EXERCISE BRIEF ▸
Only the lines from the one containing "Fiat Tipo 1.3 Mjt S&S 5 porte Street" to the end of the material belong in your answer. Please copy them word for word.

RECORDS TO PROCESS ▸
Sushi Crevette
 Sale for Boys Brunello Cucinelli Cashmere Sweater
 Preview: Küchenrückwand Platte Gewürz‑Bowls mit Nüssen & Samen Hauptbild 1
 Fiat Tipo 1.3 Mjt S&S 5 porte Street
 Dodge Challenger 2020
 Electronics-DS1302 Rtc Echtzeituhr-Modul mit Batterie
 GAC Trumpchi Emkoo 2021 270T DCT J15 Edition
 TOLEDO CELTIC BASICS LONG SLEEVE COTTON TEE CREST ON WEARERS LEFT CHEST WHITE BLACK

ANSWER AREA ▸
 Fiat Tipo 1.3 Mjt S&S 5 porte Street
 Dodge Challenger 2020
 Electronics-DS1302 Rtc Echtzeituhr-Modul mit Batterie
 GAC Trumpchi Emkoo 2021 270T DCT J15 Edition
 TOLEDO CELTIC BASICS LONG SLEEVE COTTON TEE CREST ON WEARERS LEFT CHEST WHITE BLACK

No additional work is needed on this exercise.